■尼崎の「深正院」 家老・玄蕃批判で生まれた物語
ホラー映画と思うなかれ。兵庫県尼崎市の阪神電鉄大物駅に近い深正院の境内には、呪いの井戸がある。
怨霊の名は、お菊。
江戸中期の元禄年間のことだ。尼崎城主青山家の家老は、女中のお菊に想いをかけていた。それを知った妻は嫉妬心から給仕の飯へ縫い針を入れる。食べる寸前に気付いた家老は激怒。「自分を殺そうとした」とお菊を井戸に投げ込んだ。
すると祟りなのか、家老家は途絶えて、屋敷跡には寺が建立された。さらに100年後にお菊と同じく、女性が後ろ手に縛られた姿の怪しい虫が大発生する。
-と、ここまで書けば、気付く人は多いだろう。そう。「1枚、2枚…」で知られる皿屋敷伝説とよく似たストーリー構成になっているのだ。

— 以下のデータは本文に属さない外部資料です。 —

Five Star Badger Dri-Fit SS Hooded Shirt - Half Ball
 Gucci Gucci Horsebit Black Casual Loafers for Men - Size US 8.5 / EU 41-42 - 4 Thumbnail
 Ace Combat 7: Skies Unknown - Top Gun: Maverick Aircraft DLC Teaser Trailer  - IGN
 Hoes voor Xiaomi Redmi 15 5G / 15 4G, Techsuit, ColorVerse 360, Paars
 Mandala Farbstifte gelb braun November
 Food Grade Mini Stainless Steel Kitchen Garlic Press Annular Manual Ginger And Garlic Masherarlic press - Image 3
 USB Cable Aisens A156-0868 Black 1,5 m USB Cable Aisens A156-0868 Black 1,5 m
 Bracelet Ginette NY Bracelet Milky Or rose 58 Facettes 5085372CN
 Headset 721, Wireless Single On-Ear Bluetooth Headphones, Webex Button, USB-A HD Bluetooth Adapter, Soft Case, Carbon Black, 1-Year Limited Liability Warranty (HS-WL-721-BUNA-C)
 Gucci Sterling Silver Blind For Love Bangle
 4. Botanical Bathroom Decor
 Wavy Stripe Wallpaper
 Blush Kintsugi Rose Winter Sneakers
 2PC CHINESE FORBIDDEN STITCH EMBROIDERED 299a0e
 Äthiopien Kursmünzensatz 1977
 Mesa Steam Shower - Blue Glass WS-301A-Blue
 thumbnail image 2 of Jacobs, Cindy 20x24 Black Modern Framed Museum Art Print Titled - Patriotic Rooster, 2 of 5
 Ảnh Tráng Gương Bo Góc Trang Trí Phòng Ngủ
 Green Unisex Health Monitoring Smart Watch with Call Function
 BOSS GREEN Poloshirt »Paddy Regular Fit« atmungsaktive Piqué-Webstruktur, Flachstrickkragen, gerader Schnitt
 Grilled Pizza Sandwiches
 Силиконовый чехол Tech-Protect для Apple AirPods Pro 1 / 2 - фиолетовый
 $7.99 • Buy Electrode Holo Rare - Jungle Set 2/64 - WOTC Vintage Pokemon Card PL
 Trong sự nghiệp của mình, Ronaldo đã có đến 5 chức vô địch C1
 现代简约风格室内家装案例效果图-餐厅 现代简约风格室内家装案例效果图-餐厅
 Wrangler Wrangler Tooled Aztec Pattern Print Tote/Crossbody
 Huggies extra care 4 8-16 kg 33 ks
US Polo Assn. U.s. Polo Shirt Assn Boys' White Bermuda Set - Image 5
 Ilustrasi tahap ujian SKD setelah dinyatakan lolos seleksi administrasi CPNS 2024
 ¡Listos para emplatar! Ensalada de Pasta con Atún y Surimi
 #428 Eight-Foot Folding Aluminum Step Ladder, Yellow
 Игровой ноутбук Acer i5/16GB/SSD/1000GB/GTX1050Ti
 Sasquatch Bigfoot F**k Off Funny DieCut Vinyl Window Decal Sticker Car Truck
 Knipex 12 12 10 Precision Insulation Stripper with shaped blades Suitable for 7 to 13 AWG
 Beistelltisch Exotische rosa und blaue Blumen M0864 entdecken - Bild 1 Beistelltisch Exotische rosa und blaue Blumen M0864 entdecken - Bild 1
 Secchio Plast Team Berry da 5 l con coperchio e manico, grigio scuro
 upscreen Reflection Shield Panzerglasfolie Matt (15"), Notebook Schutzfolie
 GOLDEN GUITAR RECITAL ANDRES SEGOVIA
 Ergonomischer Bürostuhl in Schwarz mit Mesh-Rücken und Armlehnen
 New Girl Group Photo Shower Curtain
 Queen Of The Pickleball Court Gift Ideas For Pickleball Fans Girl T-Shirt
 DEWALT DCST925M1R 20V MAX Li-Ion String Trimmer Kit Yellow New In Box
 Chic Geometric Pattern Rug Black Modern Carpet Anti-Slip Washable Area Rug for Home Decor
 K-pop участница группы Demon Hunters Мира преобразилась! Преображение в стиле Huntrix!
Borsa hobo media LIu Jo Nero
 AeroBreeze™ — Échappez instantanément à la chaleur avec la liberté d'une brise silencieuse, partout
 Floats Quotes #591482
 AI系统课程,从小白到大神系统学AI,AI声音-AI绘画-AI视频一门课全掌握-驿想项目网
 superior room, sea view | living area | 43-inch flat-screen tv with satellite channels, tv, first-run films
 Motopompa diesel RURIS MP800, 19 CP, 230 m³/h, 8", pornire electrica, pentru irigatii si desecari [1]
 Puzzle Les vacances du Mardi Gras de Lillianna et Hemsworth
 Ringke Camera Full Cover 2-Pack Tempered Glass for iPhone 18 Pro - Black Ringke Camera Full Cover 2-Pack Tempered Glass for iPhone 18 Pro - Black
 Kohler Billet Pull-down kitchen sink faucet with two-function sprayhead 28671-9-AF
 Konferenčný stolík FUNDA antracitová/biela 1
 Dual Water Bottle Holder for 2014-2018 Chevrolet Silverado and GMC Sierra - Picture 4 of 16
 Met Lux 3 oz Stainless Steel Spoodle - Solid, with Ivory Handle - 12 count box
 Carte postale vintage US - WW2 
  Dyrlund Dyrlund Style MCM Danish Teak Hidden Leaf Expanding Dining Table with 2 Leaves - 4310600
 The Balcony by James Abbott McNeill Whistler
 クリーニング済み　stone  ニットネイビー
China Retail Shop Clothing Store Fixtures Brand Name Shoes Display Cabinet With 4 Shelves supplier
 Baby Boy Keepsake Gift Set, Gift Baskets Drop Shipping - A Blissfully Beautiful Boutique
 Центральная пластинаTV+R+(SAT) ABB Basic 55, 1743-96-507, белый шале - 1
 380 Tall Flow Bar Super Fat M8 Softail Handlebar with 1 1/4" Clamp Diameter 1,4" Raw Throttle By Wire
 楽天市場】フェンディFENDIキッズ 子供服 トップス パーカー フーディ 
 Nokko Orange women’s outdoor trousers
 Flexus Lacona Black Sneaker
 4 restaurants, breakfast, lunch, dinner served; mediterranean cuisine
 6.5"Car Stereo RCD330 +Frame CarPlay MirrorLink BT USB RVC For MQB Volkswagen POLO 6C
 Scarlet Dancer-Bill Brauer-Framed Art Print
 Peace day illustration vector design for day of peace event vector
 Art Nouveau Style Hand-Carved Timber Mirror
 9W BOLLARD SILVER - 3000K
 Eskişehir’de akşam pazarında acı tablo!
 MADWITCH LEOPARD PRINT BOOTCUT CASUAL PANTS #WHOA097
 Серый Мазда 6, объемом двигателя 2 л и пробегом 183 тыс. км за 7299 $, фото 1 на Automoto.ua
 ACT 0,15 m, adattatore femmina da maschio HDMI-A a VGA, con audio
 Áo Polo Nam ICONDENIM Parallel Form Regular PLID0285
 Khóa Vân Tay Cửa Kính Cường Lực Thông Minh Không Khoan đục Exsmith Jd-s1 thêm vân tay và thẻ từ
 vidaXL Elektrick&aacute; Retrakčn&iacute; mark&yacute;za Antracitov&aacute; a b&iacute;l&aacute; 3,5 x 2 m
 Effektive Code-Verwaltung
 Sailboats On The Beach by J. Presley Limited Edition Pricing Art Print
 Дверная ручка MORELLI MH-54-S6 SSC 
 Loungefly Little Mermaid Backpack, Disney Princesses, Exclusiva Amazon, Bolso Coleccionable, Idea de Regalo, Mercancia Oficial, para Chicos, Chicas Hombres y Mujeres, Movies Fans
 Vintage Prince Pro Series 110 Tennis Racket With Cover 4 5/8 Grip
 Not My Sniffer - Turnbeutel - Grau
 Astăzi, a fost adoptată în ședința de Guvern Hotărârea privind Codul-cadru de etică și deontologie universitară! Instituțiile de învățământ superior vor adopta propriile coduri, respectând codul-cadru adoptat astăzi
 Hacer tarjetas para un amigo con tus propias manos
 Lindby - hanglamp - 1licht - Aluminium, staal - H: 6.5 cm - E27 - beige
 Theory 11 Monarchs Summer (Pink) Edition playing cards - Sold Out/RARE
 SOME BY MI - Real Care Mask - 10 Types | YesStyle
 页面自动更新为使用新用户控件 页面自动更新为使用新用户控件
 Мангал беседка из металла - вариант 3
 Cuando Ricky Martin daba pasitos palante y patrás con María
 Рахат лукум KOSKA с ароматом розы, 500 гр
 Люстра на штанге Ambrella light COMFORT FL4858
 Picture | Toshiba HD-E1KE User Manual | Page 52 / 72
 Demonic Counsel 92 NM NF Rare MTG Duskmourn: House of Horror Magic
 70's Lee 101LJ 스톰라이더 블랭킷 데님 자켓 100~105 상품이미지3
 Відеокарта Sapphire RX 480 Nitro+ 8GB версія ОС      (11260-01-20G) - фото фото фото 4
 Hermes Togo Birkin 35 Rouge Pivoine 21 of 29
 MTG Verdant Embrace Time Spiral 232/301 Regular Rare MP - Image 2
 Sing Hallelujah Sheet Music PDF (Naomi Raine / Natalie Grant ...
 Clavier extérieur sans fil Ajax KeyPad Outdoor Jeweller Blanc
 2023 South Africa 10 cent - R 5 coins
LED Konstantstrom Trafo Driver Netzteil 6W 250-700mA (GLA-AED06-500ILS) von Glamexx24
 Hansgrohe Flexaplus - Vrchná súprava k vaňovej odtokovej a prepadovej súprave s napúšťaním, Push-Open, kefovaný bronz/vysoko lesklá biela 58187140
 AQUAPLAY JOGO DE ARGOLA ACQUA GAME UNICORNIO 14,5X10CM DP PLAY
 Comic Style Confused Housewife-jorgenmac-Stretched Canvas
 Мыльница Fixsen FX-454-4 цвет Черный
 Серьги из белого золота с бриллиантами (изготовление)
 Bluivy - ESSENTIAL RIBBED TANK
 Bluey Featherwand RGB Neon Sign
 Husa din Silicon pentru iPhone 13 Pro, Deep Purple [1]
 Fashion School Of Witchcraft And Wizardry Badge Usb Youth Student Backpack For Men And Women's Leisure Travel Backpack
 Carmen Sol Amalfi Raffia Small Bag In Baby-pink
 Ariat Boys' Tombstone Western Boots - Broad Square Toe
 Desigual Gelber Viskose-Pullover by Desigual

尼崎市歴史博物館の河野未央さん(46)は、物語の舞台設定上、伝承の寺は深正院で、家老は実在した「貴田玄蕃」であるのは、ほぼ確実とする。しかし家が滅びたという史実はなく、玄蕃が悪家老だったかというと、そうでもないらしい。
尼崎には玄番北之町や玄番南之町の地名が残る。それらは玄蕃が青山家に請われて筆頭家老となり、お堀の整備などを成し遂げた功績が基になっている。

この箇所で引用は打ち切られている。